The Weissman lab has designed, built, and optimized molecular recorder technologies, which makes it possible in principle to capture critical features of a cell’s life—environmental insults, developmental decisions, external and internal signals, ancestry and progeny—in a defined and compact region within its genome. These recordings can then be read out in a massively parallel manner using droplet-based single-cell RNA-sequencing technology. Just as the flight recorder of a plane provides critical forensic information about the normal operation of a plane and how these operations failed, molecular recorders provide an unprecedented view of normal biology and disease. They have built upon their molecular recorder technology in several ways that make it both more easily deployable to study various biological contexts of interest and more information-rich for larger, longer, and deeper recording experiments. Together with Nir Yosef’s group, we have developed a computational pipeline for processing lineage tracing data from large recording experiments, algorithms for phylogenetic tree reconstruction, and a framework for interpreting meaningful biology from lineage tracing data. With these improvements, we have expanded the possible applications for molecular recording and lineage tracing experiments. In addition to our initial application to mammalian embryogenesis, a major focus of the Weissman lab is to use these molecular recorder technologies to study critical aspects of different stages of cancer progression including tracing the rate, routes and drivers of cancer metastasis as well the evolutionary process by which a cell containing oncogenic mutation develops into an aggressive tumor and evades therapeutic challenge.
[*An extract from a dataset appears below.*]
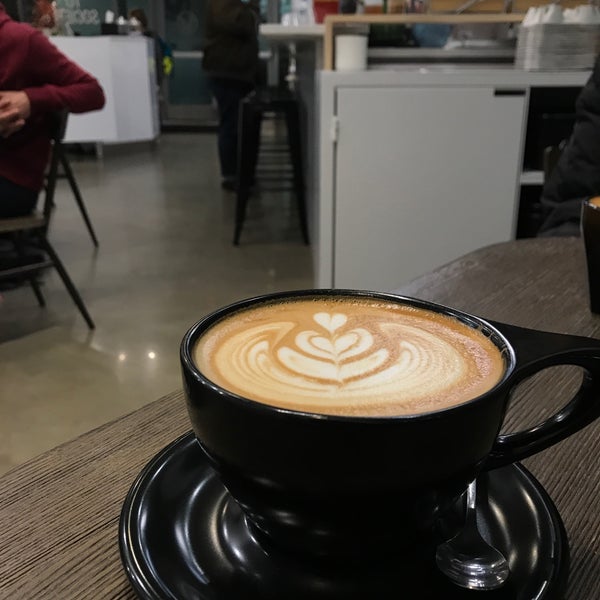 Photo taken at Post Coffee Bar by MA on 11/14/2018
Understanding the Organizational Principles of Cellular Systems

How cellular and organismal complexity emerges from combinatorial expression of genes is a central question in biology that has been a major focus of my lab for nearly two decades. We helped develop the first systematic quantitative genetic interaction maps in 2005 and applied this to understanding how the ER functions as a protein folding organelle. We have gone on to build similar maps in other organisms, including fission yeast (S. pombe), and mammalian cells, and use these to explore a remarkably diverse range of biological phenomenon including how combinatorial perturbations can drive complex cell differentiations. We have also extended this genetic interaction paradigm to study other quantitative phenotypes including, most recently phenotypically-rich, high-content phenotyping approaches such as Perturb-seq (single-cell RNA-sequencing pooled CRISPR screens). To achieve this, we developed an analytical framework for interpreting high-dimensional landscapes of cell states (manifolds) constructed from transcriptional phenotypes and complemented this with machine learning approaches to predict interactions enabling the exploration of vastly larger genetic interaction manifolds.

Information-rich Genotype-Phenotype Maps

A central goal of genetics is to define the relationships between genotypes and phenotypes. High-content phenotypic screens such as Perturb-seq (pooled CRISPR-based screens with single-cell RNA-sequencing readouts) enable massively parallel functional genomic mapping but, to date, have been used at limited scales. We recently performed the first genome-scale Perturb-seq targeting all expressed genes with CRISPR interference (CRISPRi) across >2.5 million human cells and developed a framework to power biological discovery with the resulting genotype-phenotype map. We used transcriptional phenotypes to predict the function of poorly-characterized genes, uncovering new regulators of ribosome biogenesis (including CCDC86, ZNF236, and SPATA5L1), transcription (C7orf26), and mitochondrial respiration (TMEM242). In addition to assigning gene function, single-cell transcriptional phenotypes allowed for in-depth dissection of complex cellular phenomena – from RNA processing to differentiation. We leveraged this ability to systematically identify the genetic drivers and consequences of aneuploidy and to discover an unanticipated layer of stress-specific regulation of the mitochondrial genome. Our information-rich genotype-phenotype map thus reveals a multidimensional portrait of gene function and cellular behavior.